On 5 August, DDC’s hosting company went bankrupt. The site went down and did not come back up for a while. Chris and Dan said that they were unable to carry on working on MARS due to RL commitments.

Our Creation

Three days later, after a meet-up of members, Euan Reid set up a temporary PHP forum for Phoenix Roleplaying. That evening, Ash made Phoenix’s Mission Statement and announced the set-up for a temporary period of martial law. He would be General Coordinator for the period and proceeded to make a number of other appointments.

A good number of sim concepts were planned, with a number of AJJE “concepts” moving over to the site with some being renamed, as well as some “original” concepts, including Silent Hunter’s Sierra Charlie Four (a policing sim) and ‘Lex Pendragon’s The Hollows-based sim, After The Turn.

The Battle of MARS

A member of DDC had given the MARS code over to Euan Reid and Phoenix Roleplaying to work on. But
Euan and his team’s development of MARS was soon interrupted. Chris and Dan told them to cease development as they were reclaiming the product with the intent to sell it commercially from a new repurposed DDC Games (focussing on software). They offered the members a choice: a free lease but without full access to the base code – or pay for full access.

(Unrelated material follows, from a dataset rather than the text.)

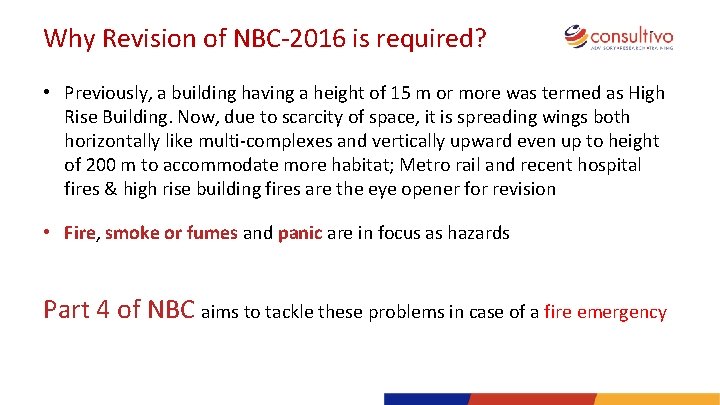 Why Revision of NBC-2016 is required? • Previously, a building having a height of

Ash decided to put the issue to a 14-day long vote of the members on 20 August, with three options:
*1. Accept the lease
*2. Develop their own system
*3. Accept the lease on a temporary basis

Chris and Daniel made clear 3 would be deemed by DDC to be insulting.

The voting commenced with members expressing their concerns over reliance on a third party – after all Chris and Dan could disappear again.

Then Chris and Dan started to violate the first rule of business – don’t annoy your customers.

With five days gone, a majority were in favour of option 2. Chris and Dan said that they were considering leaving because Phoenix clearly did not need their help. At the same time, they stated that the free offer would expire a day after the vote – so if there was a re-vote, MARS would cease being free. Ash made clear his opposition to paying for MARS during his term as General Coordinator and asked them to clarify the position, as the “goalposts” had kept moving.

A revised offer with the ability to add the base code and a free system was put down; this persuaded some members to change their vote to Option 1, with this heading for an absolute majority. Then Chris and Daniel made their biggest mistake.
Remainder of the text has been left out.